How does it work? The relevance measure assesses the ability of answers to capture the key points of the context. High relevance scores signify the AI system's understanding of the input and its capability to produce coherent and contextually appropriate outputs. Conversely, low relevance scores indicate that generated responses might be off-topic, lacking in context, or insufficient in addressing the user's intended queries.
When to use it? Use the relevance metric when evaluating the AI system's performance in understanding the input and generating contextually appropriate responses.
What does it need as input? Question, Context, Generated Answer

Built-in prompt used by Large Language Model judge to score this metric (For question answering data format):

Relevance measures how well the answer addresses the main aspects of the question, based on the context. Consider whether all and only the important aspects are contained in the answer when evaluating relevance. Given the context and question, score the relevance of the answer between one to five stars using the following rating scale: 

One star: the answer completely lacks relevance 

Two stars: the answer mostly lacks relevance 

Three stars: the answer is partially relevant 

Four stars: the answer is mostly relevant 

Five stars: the answer has perfect relevance 

This rating value should always be an integer between 1 and 5. So the rating produced should be 1 or 2 or 3 or 4 or 5. 
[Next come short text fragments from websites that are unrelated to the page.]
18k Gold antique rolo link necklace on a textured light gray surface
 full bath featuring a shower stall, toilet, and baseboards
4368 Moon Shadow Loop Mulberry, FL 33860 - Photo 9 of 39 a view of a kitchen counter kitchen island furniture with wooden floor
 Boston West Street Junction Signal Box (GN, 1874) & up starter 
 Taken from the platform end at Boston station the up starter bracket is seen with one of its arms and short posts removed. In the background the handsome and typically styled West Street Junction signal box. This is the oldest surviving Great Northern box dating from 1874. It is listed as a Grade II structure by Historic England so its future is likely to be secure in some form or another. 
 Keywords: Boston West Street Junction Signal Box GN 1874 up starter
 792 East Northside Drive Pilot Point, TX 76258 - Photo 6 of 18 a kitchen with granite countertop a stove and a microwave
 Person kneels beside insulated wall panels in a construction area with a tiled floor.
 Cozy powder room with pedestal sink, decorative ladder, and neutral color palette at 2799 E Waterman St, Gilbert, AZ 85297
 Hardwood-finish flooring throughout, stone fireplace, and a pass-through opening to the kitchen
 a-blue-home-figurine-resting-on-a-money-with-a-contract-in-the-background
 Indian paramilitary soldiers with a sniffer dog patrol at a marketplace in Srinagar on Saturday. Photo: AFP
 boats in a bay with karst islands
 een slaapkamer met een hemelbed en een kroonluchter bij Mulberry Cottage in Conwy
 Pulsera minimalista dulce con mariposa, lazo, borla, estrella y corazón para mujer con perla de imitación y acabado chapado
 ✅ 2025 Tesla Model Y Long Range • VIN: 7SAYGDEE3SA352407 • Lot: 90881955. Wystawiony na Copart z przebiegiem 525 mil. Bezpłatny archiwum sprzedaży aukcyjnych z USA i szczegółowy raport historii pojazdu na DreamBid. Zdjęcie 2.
Built-in prompt used by Large Language Model judge to score this metric (For conversation data format) (without Ground Truth available):

You will be provided a question, a conversation history, fetched documents related to the question and a response to the question in the {DOMAIN} domain. Your task is to evaluate the quality of the provided response by following the steps below:  
 
- Understand the context of the question based on the conversation history.  
 
- Generate a reference answer that is only based on the conversation history, question, and fetched documents. Don't generate the reference answer based on your own knowledge.  
 
- You need to rate the provided response according to the reference answer if it's available on a scale of 1 (poor) to 5 (excellent), based on the below criteria:  
 
5 - Ideal: The provided response includes all information necessary to answer the question based on the reference answer and conversation history. Please be strict about giving a 5 score.  
 
4 - Mostly Relevant: The provided response is mostly relevant, although it might be a little too narrow or too broad based on the reference answer and conversation history.  
 
3 - Somewhat Relevant: The provided response might be partly helpful but might be hard to read or contain other irrelevant content based on the reference answer and conversation history.  
 
2 - Barely Relevant: The provided response is barely relevant, perhaps shown as a last resort based on the reference answer and conversation history.  
 
1 - Completely Irrelevant: The provided response should never be used for answering this question based on the reference answer and conversation history.  
 
- You need to rate the provided response to be 5, if the reference answer can not be generated since no relevant documents were retrieved.  
 
- You need to first provide a scoring reason for the evaluation according to the above criteria, and then provide a score for the quality of the provided response.  
 
- You need to translate the provided response into English if it's in another language. 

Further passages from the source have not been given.